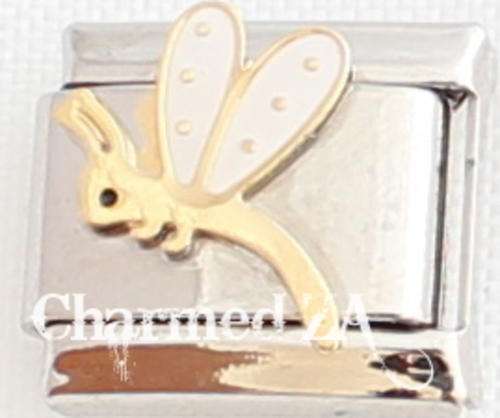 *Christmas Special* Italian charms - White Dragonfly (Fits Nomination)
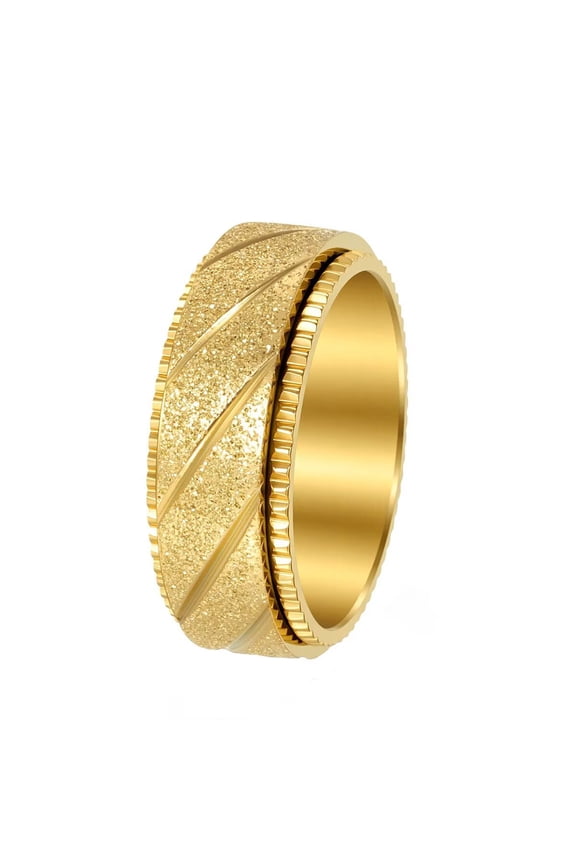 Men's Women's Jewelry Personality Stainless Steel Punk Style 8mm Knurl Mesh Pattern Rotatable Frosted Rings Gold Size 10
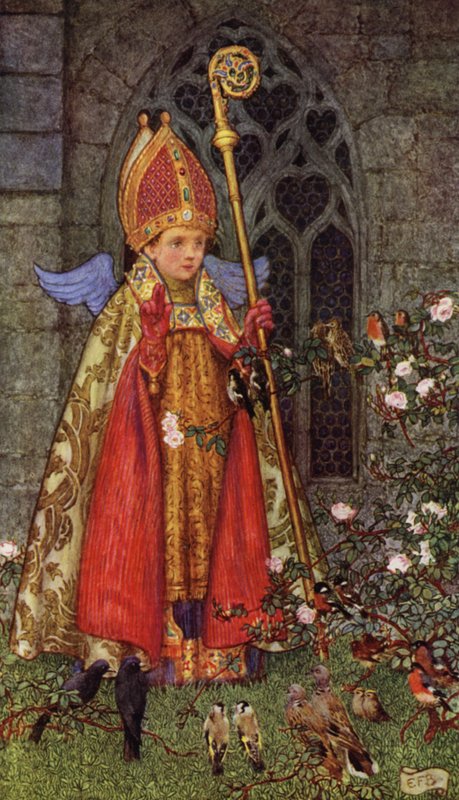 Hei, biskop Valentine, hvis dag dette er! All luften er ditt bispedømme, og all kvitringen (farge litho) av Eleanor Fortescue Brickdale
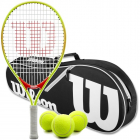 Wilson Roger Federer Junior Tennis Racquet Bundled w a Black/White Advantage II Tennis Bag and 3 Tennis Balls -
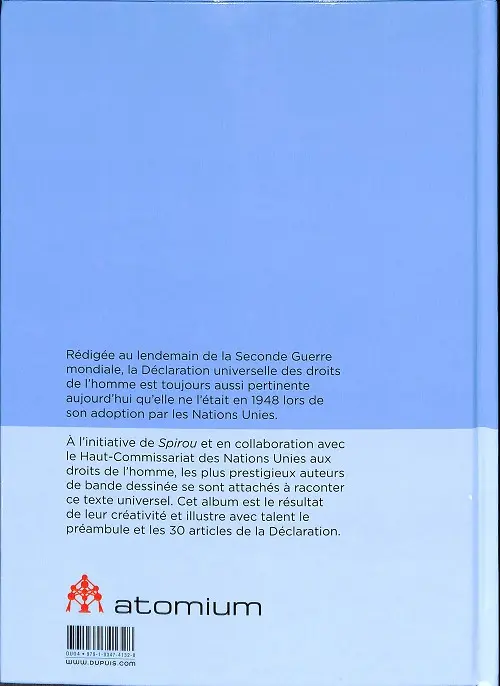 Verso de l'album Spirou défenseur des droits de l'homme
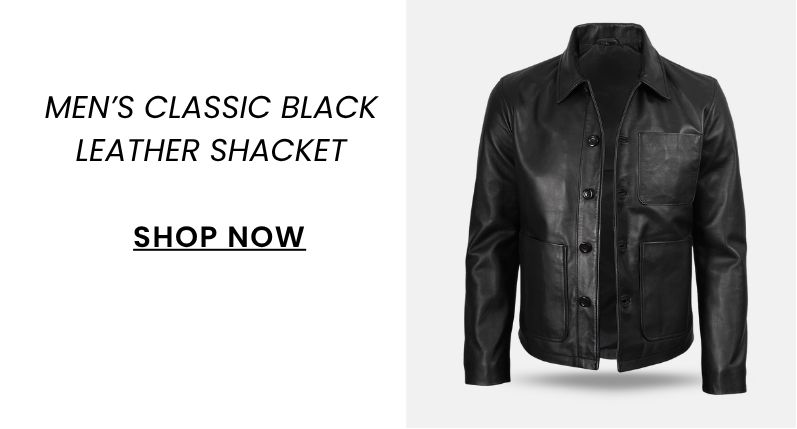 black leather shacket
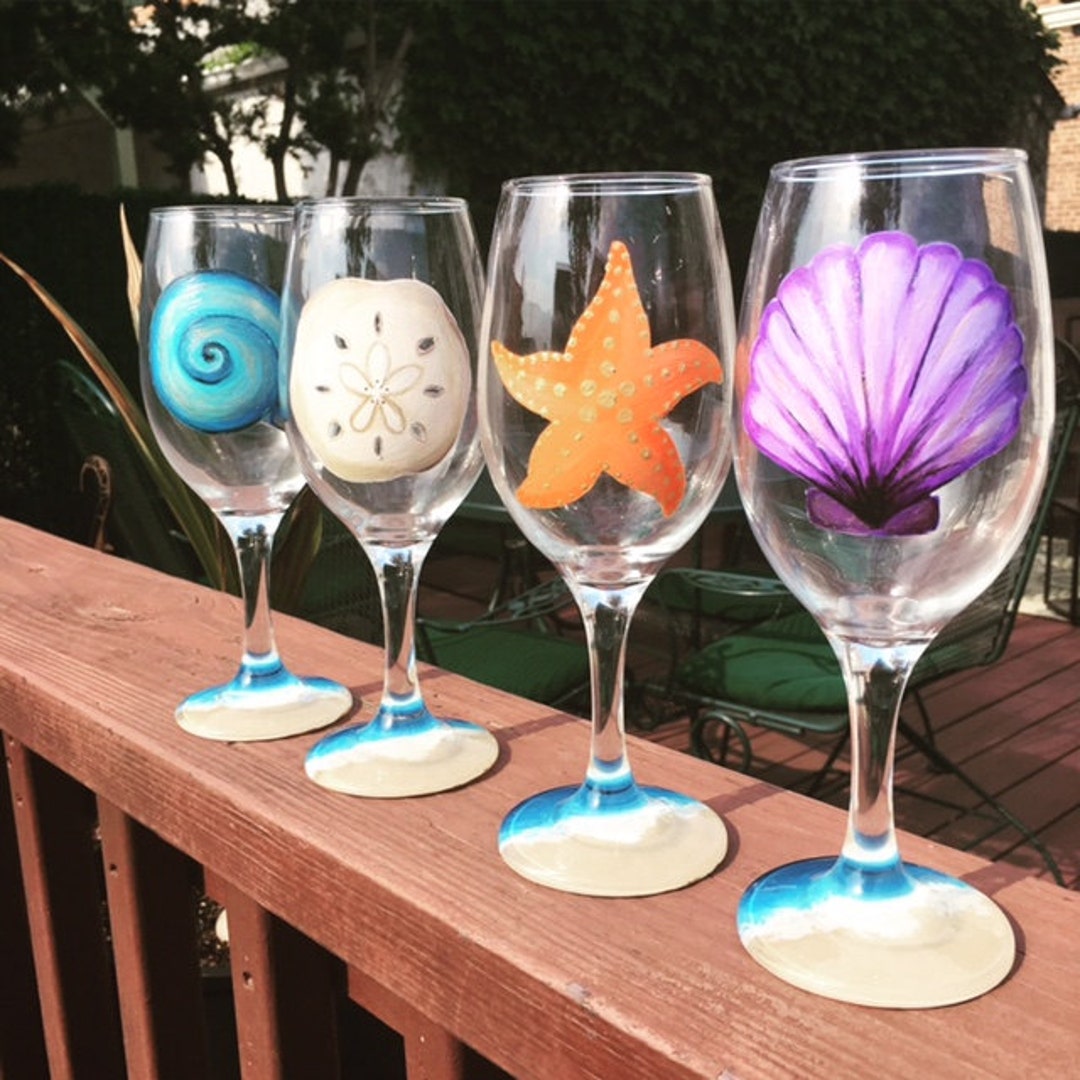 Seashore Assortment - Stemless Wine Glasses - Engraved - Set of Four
※ ※ ※
Assignment: Your answer must be the full listing, copied exactly, with no pictures in it.

Response to this exercise:
 *Christmas Special* Italian charms - White Dragonfly (Fits Nomination)
 Men's Women's Jewelry Personality Stainless Steel Punk Style 8mm Knurl Mesh Pattern Rotatable Frosted Rings Gold Size 10
 Hei, biskop Valentine, hvis dag dette er! All luften er ditt bispedømme, og all kvitringen (farge litho) av Eleanor Fortescue Brickdale
 Wilson Roger Federer Junior Tennis Racquet Bundled w a Black/White Advantage II Tennis Bag and 3 Tennis Balls -
 Verso de l'album Spirou défenseur des droits de l'homme
 black leather shacket
 Seashore Assortment - Stemless Wine Glasses - Engraved - Set of Four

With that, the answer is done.